Abstract:
To investigate the antitumor activity induced by
Ganoderma lucidum spore oil on different tumor cells. Human hepatoma cells(HepG2), human non-small cells lung cancer cells(A549)and human colon cancer cells(HCT116)were selected and tested. Cell viability was determined by MTT assay. Western blot analysis was performed to measure the expression of NF-κB and Caspase-3 activity in order to elucidate the mechanism of apoptotic activity caused by
Ganoderma lucidum spore oil and to screen out the most sensitive cancer cell lines to
Ganoderma lucidum spore oil. MTT assay demonstrated that
Ganoderma lucidum spore oil had a strong inhibitory effect on the growth of three cancer cell lines. Among these cells, A549 cells were most sensitive to
Ganoderma lucidum spore oil, followed by HepG2 cells and then by HCT116 cells.
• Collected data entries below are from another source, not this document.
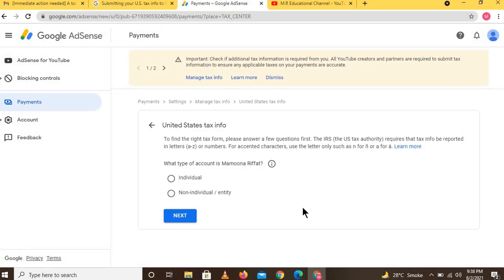Here you can see the United States Tax Info page. To find the right tax form, please answer a few questions. First: what type of account is yours — individual or non-individual? If your account is individual, click on the 'Individual' option and then click Next.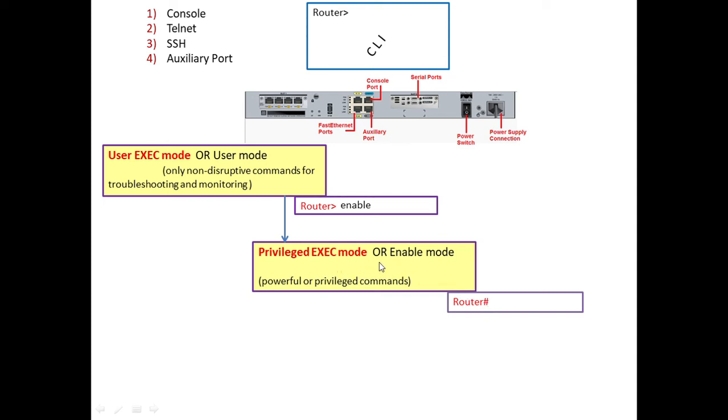We can use more powerful commands in this operation mode. After this we have another mode called global configuration mode. To go into that mode, we use the command 'configure terminal' in this privilege exec mode.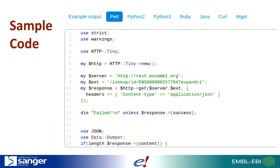If you scroll down on the documentation of an endpoint, you'll see sample output and code. There will be at least one example of the output you can expect from this endpoint, as well as sample code in a few popular languages with a basic example of how to access the endpoint. In this case, we see a simple Perl script for accessing the lookup endpoint, but you can also see examples in Python, Ruby, Java, curl, or even wget.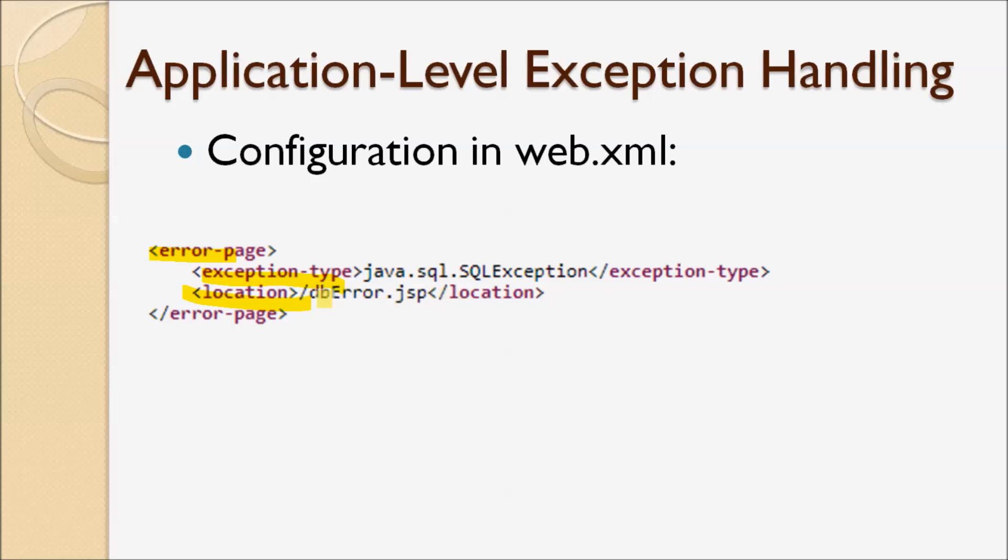So it's very simple. We configure one time and it works for all pages in the application, unlike the second way, page-level exception handling, where we have to modify and update every single JSP page.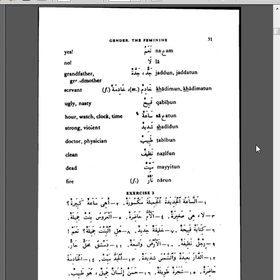Khabihun, ugly, nasty. Sa'atun, hour, watch, clock, time. Shadeedun, strong, violent. Ta'abibun, doctor, physician. Nazifun, clean. Mayitun, dead. Naarun, fire.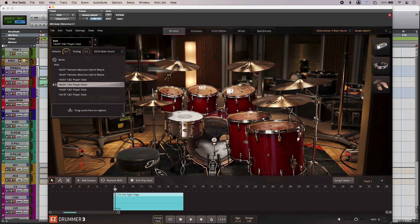And Easy Drummer 3 even lets me bring my own audio hits into the instrument which is fantastic. So it's just one sample but it will play back at different levels depending on what the velocity is doing in the MIDI.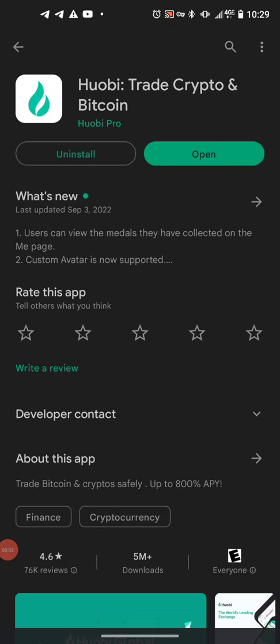This guide is going to show you how to download and create your own Huobi crypto exchange account. You'll be using the Huobi crypto exchange account in order to trade your SNS cryptocurrency for USDT cryptocurrency, and it's that USDT cryptocurrency that you'll then be trading into your local currency.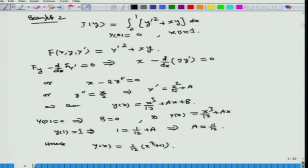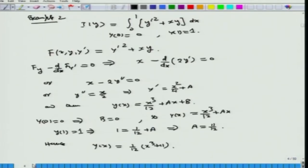The solution of y + y'' = 0 is y = a·cos(x) + b·sin(x). The given conditions imply a = 0 and b = 1/sin(1), so the extremal is y(x) = sin(x)/sin(1). In the next example, we considered I(y) = integral from 0 to 1 of (y'² + xy) dx, where f = y'² + xy, and Euler's equation f_y - d/dx(f_{y'}) = 0 gives x - 2y'' = 0, so y = x³/12 + ax + b.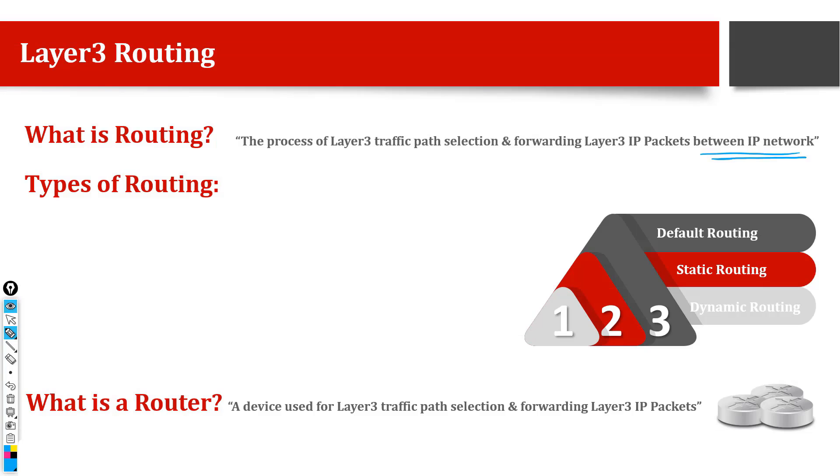Okay, so what is layer three routing? What is IP routing? Let me answer this question. This is the process of layer three traffic path selection and forwarding of layer three IP packet between different IP network.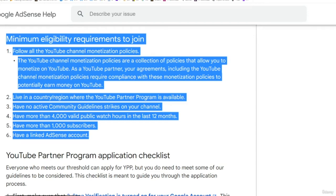Let's briefly cover how you can actually monetize a YouTube channel for this business. Here are the main requirements — we're literally on the Google website that tells you all this stuff.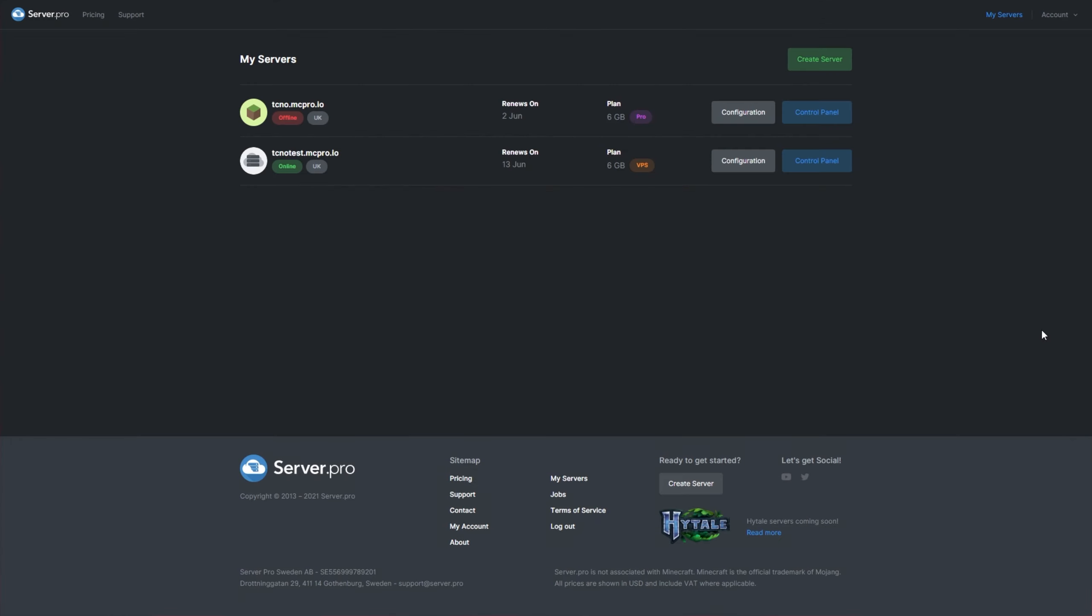The first thing you'll need to do is head over to the My Service section of your Server Pro dashboard. Then navigate across to the control panel for your VPS server. If you want to learn how to create a new VPS or you're not entirely sure what one is, click the i in the top right hand corner of this video or check the description down below. That'll take you to a video on how to get started.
The results of Western blot showed that
Ganoderma lucidum spore oil could promote the activation of NF-κB pathway, and that the activation of NF-κB signaling pathway in cancer cells treated by
Ganoderma lucidum spore oil was stronger in A549 cells, HepG2 cells, HCT116 cells respectively. The detection of Caspase-3 activity showed that ganoderma spore oil could activate Caspase-3 dependent apoptosis pathways, which was more important in A549 cells, HepG2 cells and HCT116 cells. This study found that
Ganoderma lucidum spore oil had inhibitory effects on A549, HepG2 and HCT116 cells growth and that its antitumor activity was in time-dose dependence. The mechanism may be related to the activation of NF-κB pathway and the Caspase-3 apoptotic pathway, which could accelerate apoptosis and necrosis of tumor cells. Among the three kinds of cancer cells, A549 cells was most sensitive to
Ganoderma lucidum spore oil, followed by the HepG2 cells, and then by HCT116 cells.